Gustavo Kuerten, o Guga, tinha derrotado o espanhol Sergi Bruguera na final do grande torneio Roland-Garros, o Aberto da França. Foi o primeiro brasileiro a conquistar um título Grand Slam.

Naquele momento, o País parou para ouvir o jovem catarinense de 20 anos, ao lado da mãe e do treinador, após a inesperada conquista. No mesmo dia, brasileiros saíram às ruas erguendo bandeiras e raquetes em comemoração. “Como um feitiço, o país do futebol se rende à nobreza do tênis”, dizia a imprensa.

 

Catarinense, Guga nasceu dia 10 de setembro de 1976 em Florianópolis. Foi o segundo filho, dos três que o casal Alice e Aldo Kuerten tiveram. Aldinho, como era carinhosamente apelidado, foi um pai amante dos esportes, o primeiro e eterno ídolo dos filhos.

Foi um jogador amador de basquete, tênis, bocha e árbitro em torneios juniores de tênis. Grande aspirante à educação esportiva, transmitiu aos filhos o espírito contagiante da competitividade. Faleceu quando Guga tinha 8 anos, em decorrência de um ataque cardíaco, durante um torneio juvenil.

Graças ao pai, o menino deu o primeiro passo no tênis aos seis anos. Mais tarde, treinou com Paulo Allebrandt, e, depois, com Larri Passos, responsável por seus quase 20 anos de carreira.

Gustavo começou em torneios juniores no Brasil e no exterior. Com apoio do treinador e da família, em dois anos, tornou-se jogador profissional. Em 1996 participou da Copa Davis e foi fundamental para colocar a equipe brasileira na primeira divisão da competição.

Guga Kuerten no torneio Roland Garros em 1997(Foto: ATP/divulgação)
Foto: ATP/divulgação Guga Kuerten no torneio Roland Garros em 1997

Mas foi em 1997 que veio a reviravolta. À época Guga ocupava a 66⁠ª posição no ranking mundial, totalmente fora dos radares dos grandes líderes. Uma série de inesperadas vitórias, de repente, colocou os olhos do mundo no jovem brasileiro dos cachos dourados.
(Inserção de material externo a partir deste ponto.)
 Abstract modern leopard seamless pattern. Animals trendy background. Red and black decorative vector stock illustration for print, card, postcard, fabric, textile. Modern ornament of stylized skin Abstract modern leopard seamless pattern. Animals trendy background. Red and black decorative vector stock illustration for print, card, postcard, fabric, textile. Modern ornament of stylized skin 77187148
A primeira surpresa veio na partida contra o austríaco Thomas Muster, vencedor do Roland-Garros de 1995 e líder do ranking mundial em 1996. Guga o apelidou de “Comedor de figado”. Era famoso por sua resistência e aguentava partidas longas sem perder o rendimento.
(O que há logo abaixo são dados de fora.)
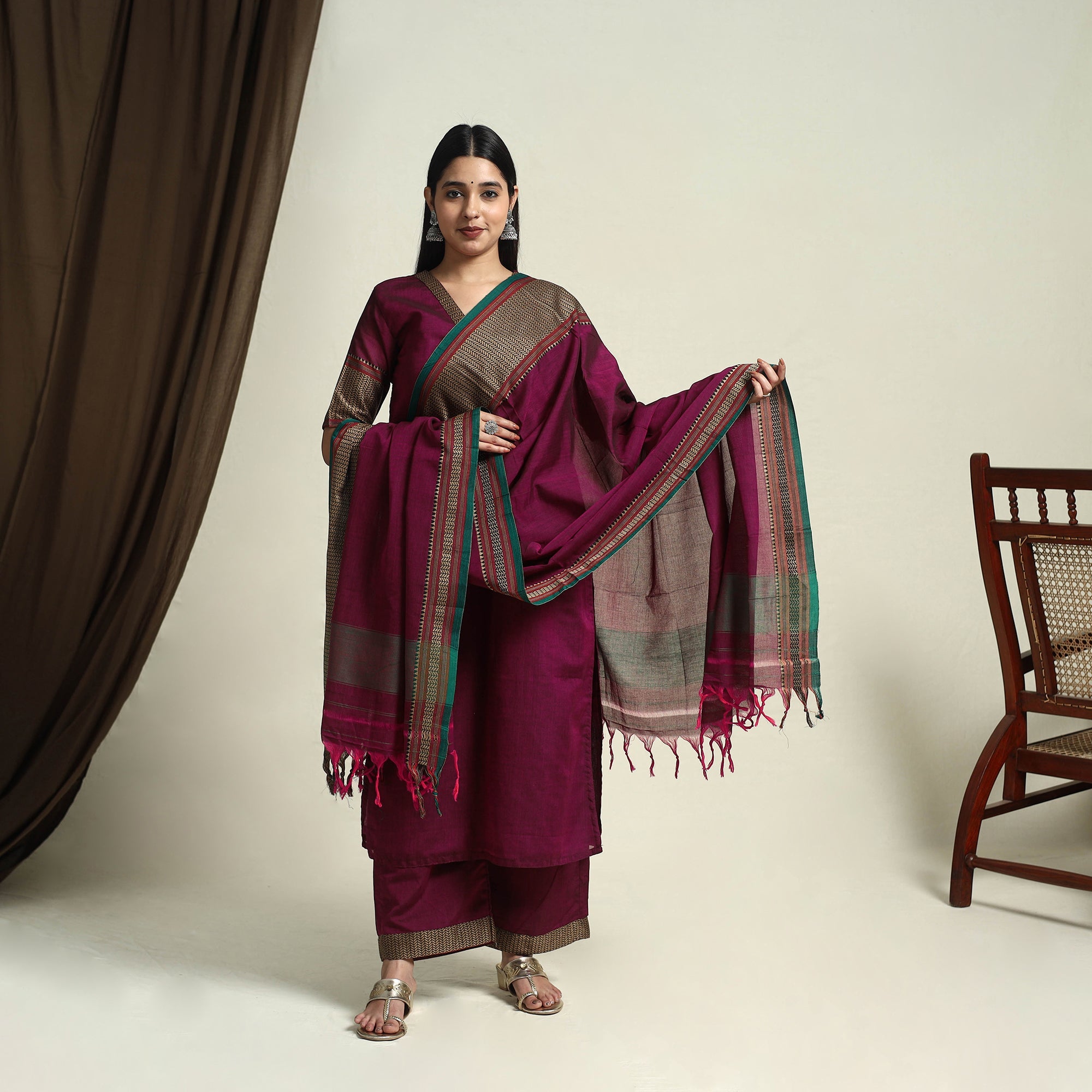 Maroon - Mercerised Cotton Straight Dharwad Kurta 04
Chegou a liderar em momentos do jogo, mas perdeu de virada em uma partida que durou mais de três horas. A Revista Tênis publicou, em 2008, que seus gritos de frustração eram tão altos que podiam ser ouvidos de longe.

Depois veio Yevgeny Kafelnilov, terceiro melhor do mundo, favorito contra o, até então, desconhecido Guga. O russo fez jus ao favoritismo, botou pressão no jogo ganhando dois sets seguidos. Mas a vitória veio aos “quarenta e cinco do segundo tempo”.

O tenista brasileiro mostrou seu estilo único e arriscado em quadra e virou. “O terceiro do mundo parece não acreditar”, comentou o narrador.

Guga beijando seu primeiro troféu Roland Garros(Foto: Jean Loup Gautreau)
Foto: Jean Loup Gautreau Guga beijando seu primeiro troféu Roland Garros

A partida contra Filip Dewulf foi a única em que Guga entrou como favorito naquela competição. O belga ocupava a 122ª posição no ranking mundial, abaixo do brasileiro. Após a vitória na semifinal, os jornais estampavam “Brugueira é o próximo”, “Guga luta por sua maior vitória”.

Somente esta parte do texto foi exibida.